Town council received an update at Tuesday’s meeting on Halifax Police Department’s traffic-related enforcement efforts in the month of January specifically on North Main Street.
Councilman/officer Bowen explained that out of 76 traffic summons issued by the police department last month, 35 of those traffic stops were made in the 300 block of North Main Street alone. Out of those stops made on North Main Street, 24 citations were issued for speeding and equipment violations.
Making downtown Halifax a pedestrian-friendly locale and adding more parking in the downtown area are priorities in the town of Halifax parking and connectivity initiative headed up by Hill Studio and Kittelson & Associates, Espy noted.
To that end, town council by a unanimous vote authorized Hill Studio to complete several tasks dealing with pedestrian safety, parking and wayfinding signage. Councilman Bill Covington made the motion, and councilman Trent seconded the motion.
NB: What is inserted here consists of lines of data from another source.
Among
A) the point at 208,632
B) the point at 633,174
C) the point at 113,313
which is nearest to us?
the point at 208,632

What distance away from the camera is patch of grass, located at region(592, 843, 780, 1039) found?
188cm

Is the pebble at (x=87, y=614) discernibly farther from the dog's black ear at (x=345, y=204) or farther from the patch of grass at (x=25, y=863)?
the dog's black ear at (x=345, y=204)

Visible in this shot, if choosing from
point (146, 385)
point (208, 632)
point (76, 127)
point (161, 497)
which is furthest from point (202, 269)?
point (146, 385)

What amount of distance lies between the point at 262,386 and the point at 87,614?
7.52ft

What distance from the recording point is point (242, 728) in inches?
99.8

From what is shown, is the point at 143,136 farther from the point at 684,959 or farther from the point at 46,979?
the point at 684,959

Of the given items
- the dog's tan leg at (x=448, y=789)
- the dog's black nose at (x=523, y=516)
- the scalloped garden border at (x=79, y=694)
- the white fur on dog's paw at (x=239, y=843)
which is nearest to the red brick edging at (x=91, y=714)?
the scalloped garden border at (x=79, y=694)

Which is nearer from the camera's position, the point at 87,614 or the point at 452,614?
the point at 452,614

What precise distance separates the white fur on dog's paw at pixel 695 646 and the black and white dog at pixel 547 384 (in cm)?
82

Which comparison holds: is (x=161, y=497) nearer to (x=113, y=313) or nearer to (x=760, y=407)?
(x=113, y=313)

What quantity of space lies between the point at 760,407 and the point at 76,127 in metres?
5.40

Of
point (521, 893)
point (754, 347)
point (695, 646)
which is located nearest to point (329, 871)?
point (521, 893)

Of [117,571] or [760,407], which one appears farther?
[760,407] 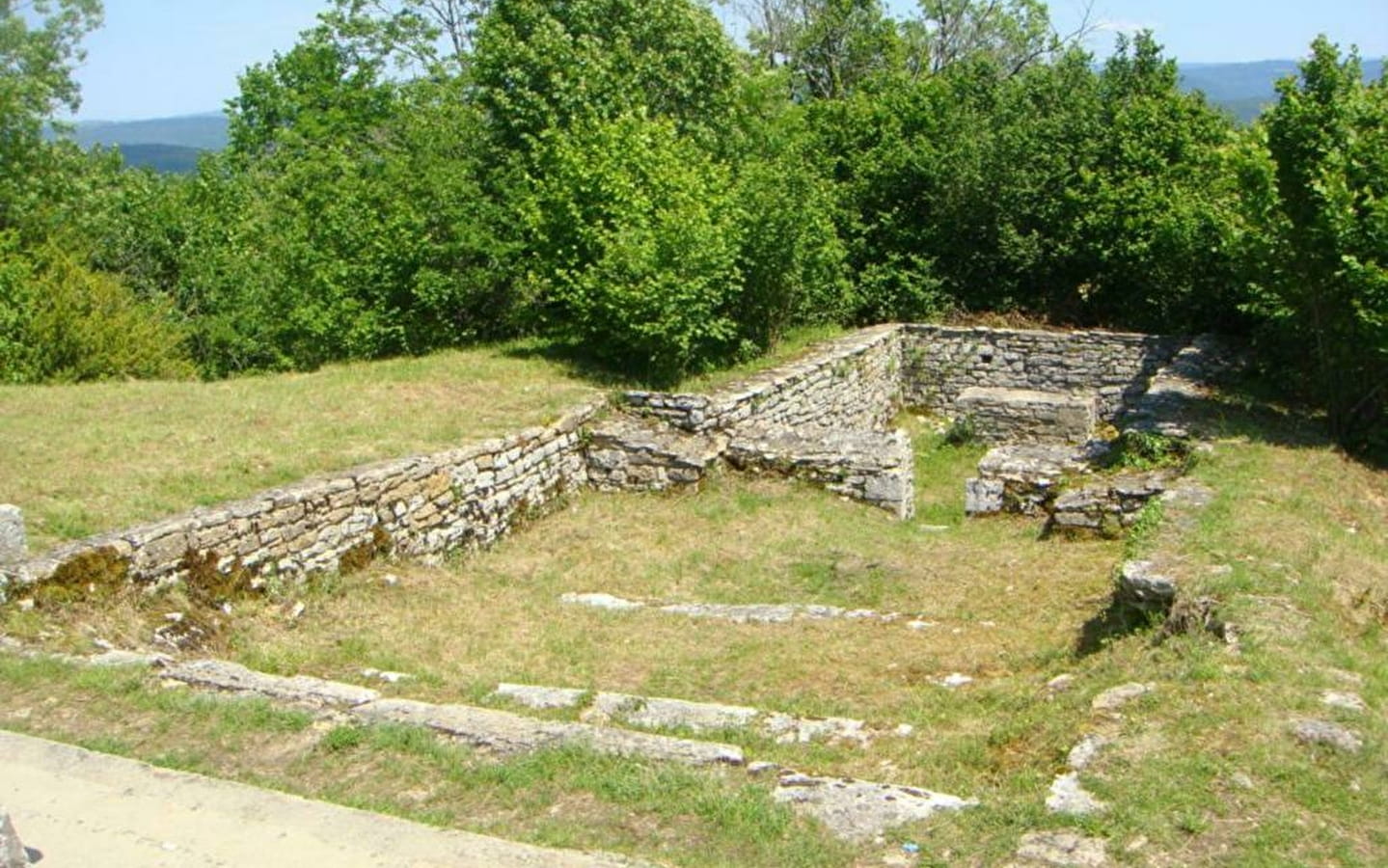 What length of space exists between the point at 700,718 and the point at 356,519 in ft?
14.9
Espy also updated town council on a VDOT Smart Scale Project to increase traffic safety in a congested area of town.
The project involves constructing a roundabout at the intersection of LP Bailey Memorial Highway, North Main Street and Bethel Road.
The back street will be reconstructed with the intersection to create a four-legged intersection as opposed to the current intersection with three legs. The town manager said the roundabout project ranks sixth of 29 projects district-wide on VDOT’s scorecard.
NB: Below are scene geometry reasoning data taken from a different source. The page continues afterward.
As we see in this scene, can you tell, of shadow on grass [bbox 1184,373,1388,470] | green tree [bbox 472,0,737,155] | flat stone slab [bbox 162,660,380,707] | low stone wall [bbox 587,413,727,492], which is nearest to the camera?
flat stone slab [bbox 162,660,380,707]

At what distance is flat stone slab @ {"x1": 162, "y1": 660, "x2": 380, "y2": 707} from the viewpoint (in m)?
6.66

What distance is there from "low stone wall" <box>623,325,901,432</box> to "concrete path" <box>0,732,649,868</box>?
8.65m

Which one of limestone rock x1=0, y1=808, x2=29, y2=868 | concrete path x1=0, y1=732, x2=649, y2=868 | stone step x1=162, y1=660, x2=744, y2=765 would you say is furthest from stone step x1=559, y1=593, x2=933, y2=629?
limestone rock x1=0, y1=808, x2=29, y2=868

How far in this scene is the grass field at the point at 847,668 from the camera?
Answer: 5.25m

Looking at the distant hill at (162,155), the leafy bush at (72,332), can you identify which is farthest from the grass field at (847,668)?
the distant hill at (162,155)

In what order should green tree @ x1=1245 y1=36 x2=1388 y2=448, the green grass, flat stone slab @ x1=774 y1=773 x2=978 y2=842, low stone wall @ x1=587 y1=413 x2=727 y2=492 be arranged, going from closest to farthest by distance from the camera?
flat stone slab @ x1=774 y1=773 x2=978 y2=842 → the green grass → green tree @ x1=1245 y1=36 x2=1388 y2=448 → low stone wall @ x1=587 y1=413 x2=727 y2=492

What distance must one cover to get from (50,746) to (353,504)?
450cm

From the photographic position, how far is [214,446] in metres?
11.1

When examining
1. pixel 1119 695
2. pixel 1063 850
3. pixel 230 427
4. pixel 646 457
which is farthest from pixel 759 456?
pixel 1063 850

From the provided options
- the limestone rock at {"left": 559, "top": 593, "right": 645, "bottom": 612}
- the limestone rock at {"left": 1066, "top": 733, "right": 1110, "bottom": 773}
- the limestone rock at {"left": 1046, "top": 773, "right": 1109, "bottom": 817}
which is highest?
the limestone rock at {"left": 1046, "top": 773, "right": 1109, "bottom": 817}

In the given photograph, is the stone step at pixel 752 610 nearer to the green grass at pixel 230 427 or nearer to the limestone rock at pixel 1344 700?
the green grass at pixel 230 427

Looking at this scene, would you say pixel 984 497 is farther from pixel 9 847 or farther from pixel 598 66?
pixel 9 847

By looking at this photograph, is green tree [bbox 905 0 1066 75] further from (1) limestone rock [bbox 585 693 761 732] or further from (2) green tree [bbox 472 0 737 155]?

“We would like to see that go forward, because that will be a start to some continued improvements on North Main Street,” Espy told council. “It is recommended for funding; it’s in the six-year improvement plan…unless for whatever reason it’s accelerated in schedule, that won’t be finished until 2031.”
Espy added that a roundabout in the neighboring town of South Boston is ranked No. 7 in the district on the project scorecard, and the high ranking of both those traffic safety measures bodes well for similar projects in the area in the future.
“I think that’s a pretty good indication that if we work on some additional long-term improvements, they will get funded,” Espy commented.